Our secularism seems so fragile that we're rattled by Rushdie
With reference to Indrajit Hazra's article Illiterate !ndia (January 21), if our beliefs and faiths are so weak that artworks can easily shake them up, then we should ban all artists. This will make sure that their works won't hurt the sentiments of any community in the future. The government's mishandling of the recent episode of author Salman Rushdie's proposed visit to India proves that secularism and democracy exist only on paper. We may be living in the 21st century, but intellectually, we are still stuck in the Stone Ages.
--SK Malhotra, Delhi
With reference to the report What a shame, no Rushdie at lit fest (January 21), it is really unfortunate that celebrated author Salman Rushdie could not attend the literature festival. But what is frightening is that the central and the state governments allowed some people (read: religious fanatics) to take the law into their own hands and forced Rushdie to stay away from the festival. It was the duty of the government to ensure Rushdie's safety. Instead they gave in to the demand of some fanatics just to secure Muslim votes in the upcoming Uttar Pradesh elections.
--Mahesh Kumar, via email
I think we are giving too much importance to a non-issue. What has Salman Rushdie done for India? We always tend to support causes that might eventually end up disturbing the peace. Can we afford to do so? Let Rushdie continue with his tweeting and remain in his own world.

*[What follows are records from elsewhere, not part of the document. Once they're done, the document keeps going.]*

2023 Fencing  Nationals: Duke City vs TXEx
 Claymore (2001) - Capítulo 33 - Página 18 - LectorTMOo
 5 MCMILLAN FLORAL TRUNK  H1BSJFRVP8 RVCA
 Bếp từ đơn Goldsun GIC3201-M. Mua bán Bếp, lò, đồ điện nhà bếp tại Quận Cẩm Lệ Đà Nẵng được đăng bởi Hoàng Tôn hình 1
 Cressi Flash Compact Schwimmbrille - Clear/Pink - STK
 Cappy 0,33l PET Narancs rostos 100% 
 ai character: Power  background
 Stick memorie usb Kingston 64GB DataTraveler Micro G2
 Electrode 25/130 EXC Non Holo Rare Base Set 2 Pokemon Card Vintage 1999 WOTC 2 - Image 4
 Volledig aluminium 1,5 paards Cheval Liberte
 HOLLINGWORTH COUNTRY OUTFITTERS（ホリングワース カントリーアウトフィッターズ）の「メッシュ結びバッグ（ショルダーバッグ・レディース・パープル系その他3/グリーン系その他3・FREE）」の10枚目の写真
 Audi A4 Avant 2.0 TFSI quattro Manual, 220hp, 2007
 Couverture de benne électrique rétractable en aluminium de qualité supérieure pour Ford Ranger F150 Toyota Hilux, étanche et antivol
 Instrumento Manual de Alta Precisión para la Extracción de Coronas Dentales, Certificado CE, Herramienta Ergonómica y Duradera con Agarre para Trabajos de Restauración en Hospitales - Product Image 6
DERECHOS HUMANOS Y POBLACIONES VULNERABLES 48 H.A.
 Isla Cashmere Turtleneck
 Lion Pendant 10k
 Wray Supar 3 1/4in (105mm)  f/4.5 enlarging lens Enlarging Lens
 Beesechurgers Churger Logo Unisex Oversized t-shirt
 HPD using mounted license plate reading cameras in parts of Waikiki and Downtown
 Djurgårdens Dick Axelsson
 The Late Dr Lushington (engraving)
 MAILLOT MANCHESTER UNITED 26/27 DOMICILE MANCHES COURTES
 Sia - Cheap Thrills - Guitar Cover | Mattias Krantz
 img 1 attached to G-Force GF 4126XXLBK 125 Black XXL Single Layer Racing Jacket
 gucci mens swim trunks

--Roopak Vasishtha, via email
Unique confusion project
The editorial Identify and then reach out (Our Take, January 21) reveals that there's a lack of coordination among various government ministries. It's too late to raise doubts over the Unique Identification (UID) project. Why did the home minister not raise any objection when the scheme was announced in 2009? His concern over the safety of the data that the UID team is collecting is unconvincing. The way he is slyly pushing his National Population Register (NPR) scheme makes one doubt his intentions.
--SC Vaid, via email
Though I appreciate the efforts of the UID team, I feel it would be unfair to overrule the home ministry's concerns. A recent report reveals that the cost of enroling one person under UID is R10 more than it is under the NPR project. When both schemes aim to collect the same information in approximately the same period of time, why should the government spend billions more on the UID?